- Task: Set down the data below from its first line to the line holding "Everybody, this is", inclusive; omit all pictures.

- Records for this exercise:
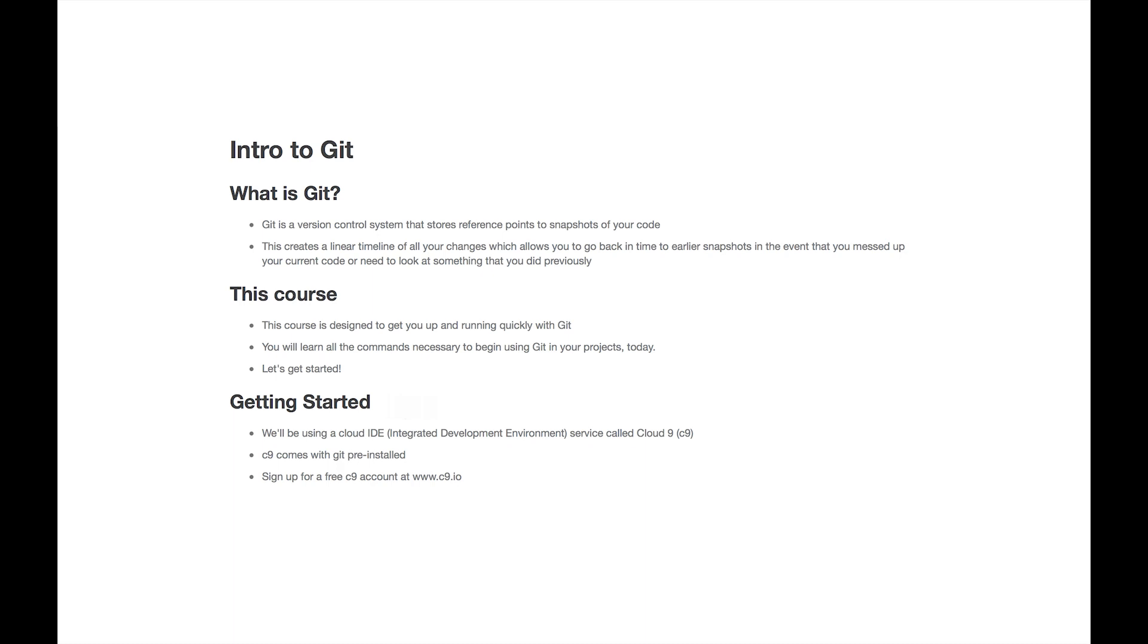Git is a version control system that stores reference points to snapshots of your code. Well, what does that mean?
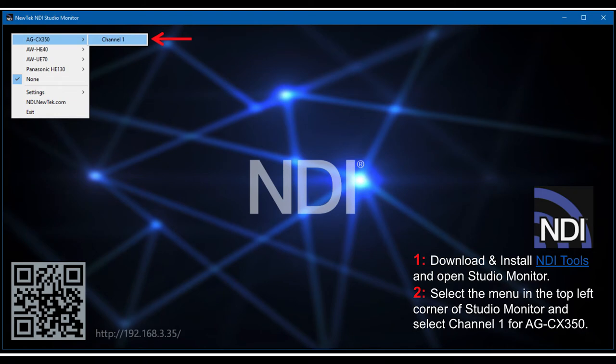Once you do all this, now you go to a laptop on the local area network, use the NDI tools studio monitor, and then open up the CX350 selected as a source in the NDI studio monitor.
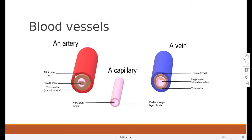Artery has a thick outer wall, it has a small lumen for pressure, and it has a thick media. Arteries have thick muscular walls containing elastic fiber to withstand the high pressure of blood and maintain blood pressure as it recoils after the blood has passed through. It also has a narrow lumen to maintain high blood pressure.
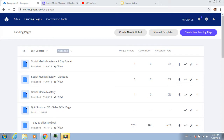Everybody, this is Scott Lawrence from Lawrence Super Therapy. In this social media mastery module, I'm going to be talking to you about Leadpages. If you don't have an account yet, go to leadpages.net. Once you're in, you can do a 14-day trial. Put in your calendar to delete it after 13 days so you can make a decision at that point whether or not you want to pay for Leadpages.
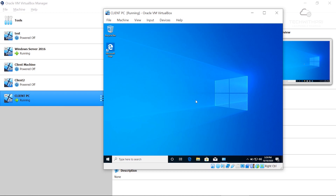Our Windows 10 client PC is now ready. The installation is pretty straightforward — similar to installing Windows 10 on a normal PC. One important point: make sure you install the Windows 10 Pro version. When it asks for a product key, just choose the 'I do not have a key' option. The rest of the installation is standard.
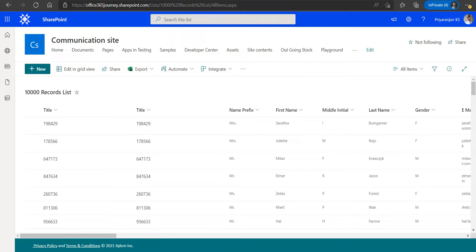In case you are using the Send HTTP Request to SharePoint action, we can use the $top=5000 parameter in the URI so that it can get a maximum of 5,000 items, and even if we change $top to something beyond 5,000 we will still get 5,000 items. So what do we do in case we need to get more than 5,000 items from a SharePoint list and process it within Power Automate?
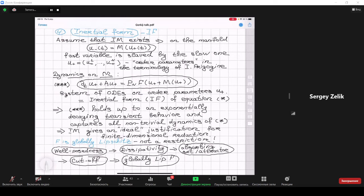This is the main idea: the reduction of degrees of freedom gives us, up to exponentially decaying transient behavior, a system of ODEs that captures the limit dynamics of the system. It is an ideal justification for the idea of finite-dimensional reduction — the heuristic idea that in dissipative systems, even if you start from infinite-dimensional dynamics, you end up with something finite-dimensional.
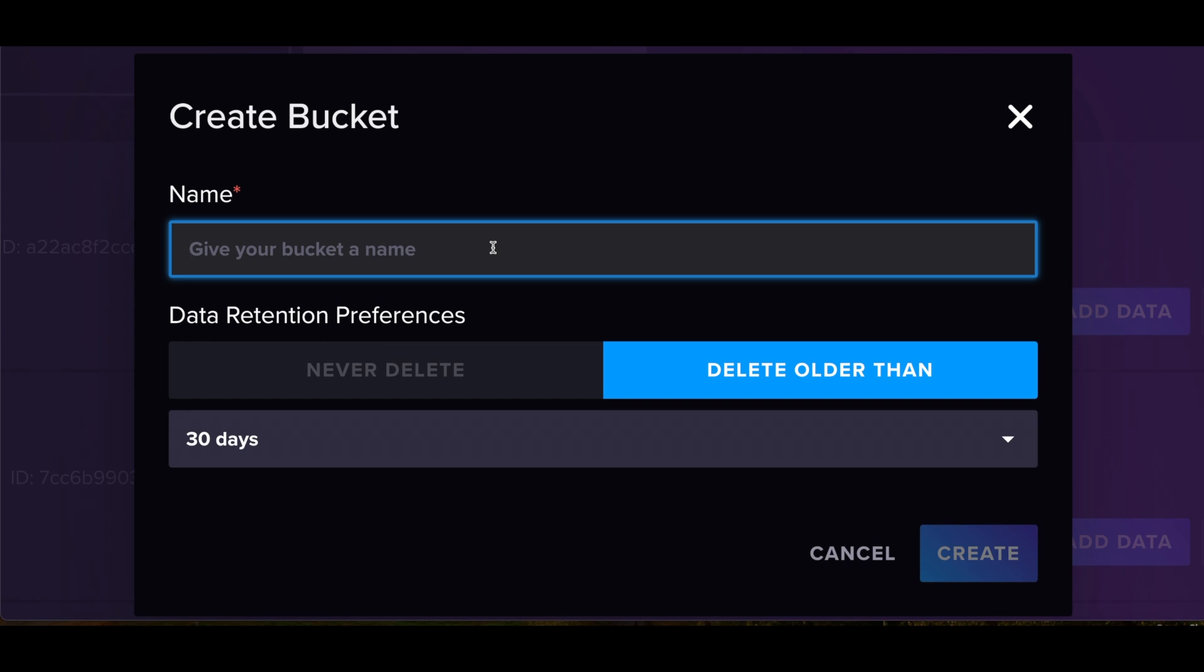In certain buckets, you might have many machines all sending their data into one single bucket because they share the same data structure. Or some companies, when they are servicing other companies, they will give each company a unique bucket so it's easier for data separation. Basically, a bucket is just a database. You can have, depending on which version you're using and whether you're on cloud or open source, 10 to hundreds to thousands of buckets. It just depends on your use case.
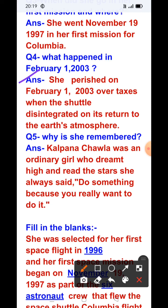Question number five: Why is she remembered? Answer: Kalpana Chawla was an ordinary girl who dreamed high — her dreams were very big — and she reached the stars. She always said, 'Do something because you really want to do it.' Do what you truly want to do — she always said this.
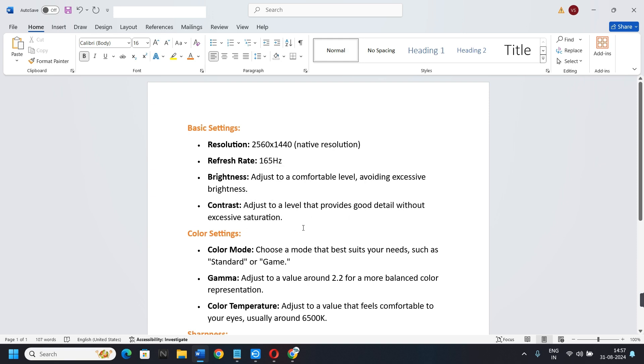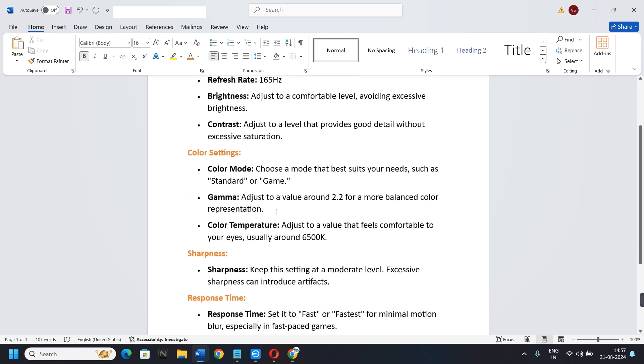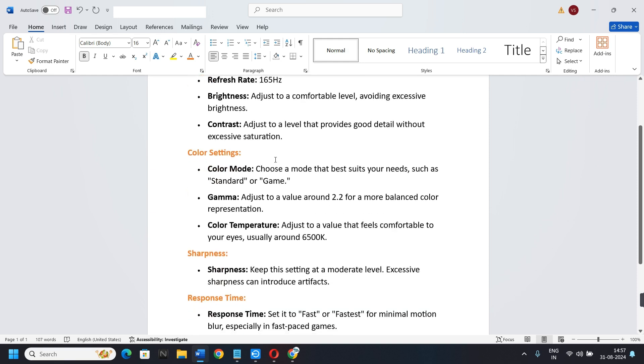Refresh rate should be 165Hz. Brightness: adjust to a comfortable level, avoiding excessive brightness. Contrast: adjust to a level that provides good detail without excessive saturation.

- Result of the task:
Git is a version control system that stores reference points to snapshots of your code. Well, what does that mean?
Once you do all this, now you go to a laptop on the local area network, use the NDI tools studio monitor, and then open up the CX350 selected as a source in the NDI studio monitor.
Artery has a thick outer wall, it has a small lumen for pressure, and it has a thick media. Arteries have thick muscular walls containing elastic fiber to withstand the high pressure of blood and maintain blood pressure as it recoils after the blood has passed through. It also has a narrow lumen to maintain high blood pressure.
Everybody, this is Scott Lawrence from Lawrence Super Therapy. In this social media mastery module, I'm going to be talking to you about Leadpages. If you don't have an account yet, go to leadpages.net. Once you're in, you can do a 14-day trial. Put in your calendar to delete it after 13 days so you can make a decision at that point whether or not you want to pay for Leadpages.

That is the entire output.